▸ **Action item**
Return the data below unchanged. Drop any pictures.

▸ **The data**

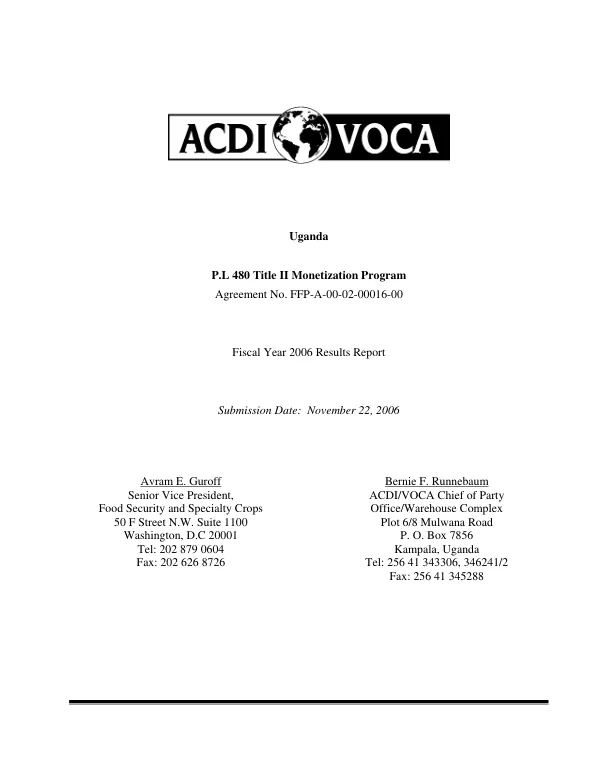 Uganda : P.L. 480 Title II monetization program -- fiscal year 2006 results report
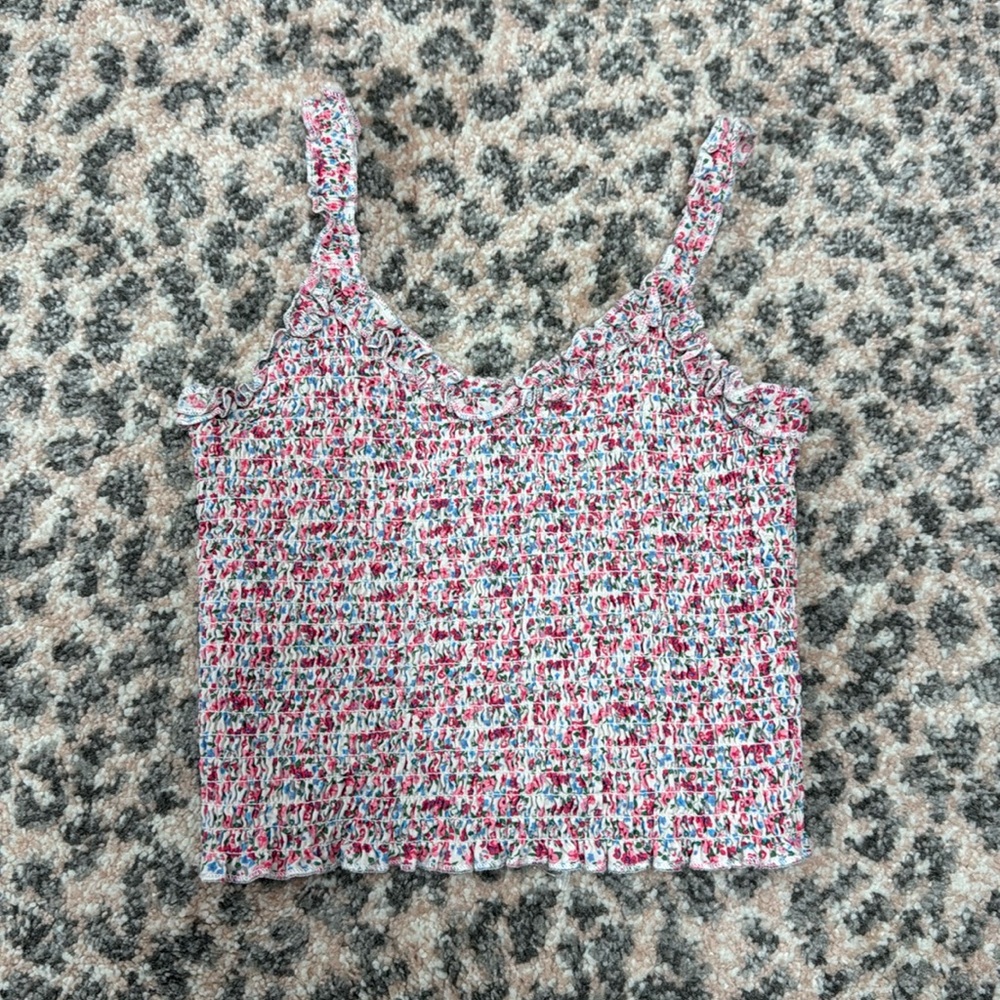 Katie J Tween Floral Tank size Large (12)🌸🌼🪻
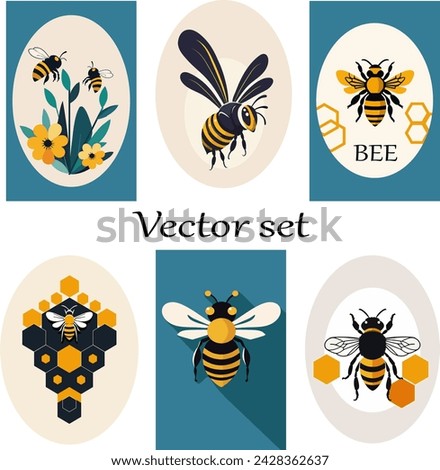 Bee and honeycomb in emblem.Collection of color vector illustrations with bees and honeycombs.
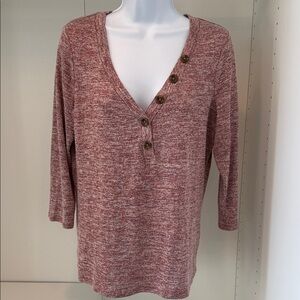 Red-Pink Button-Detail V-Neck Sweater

▸ **Exercise output**
 Uganda : P.L. 480 Title II monetization program -- fiscal year 2006 results report
 Katie J Tween Floral Tank size Large (12)🌸🌼🪻
 Bee and honeycomb in emblem.Collection of color vector illustrations with bees and honeycombs.
 Red-Pink Button-Detail V-Neck Sweater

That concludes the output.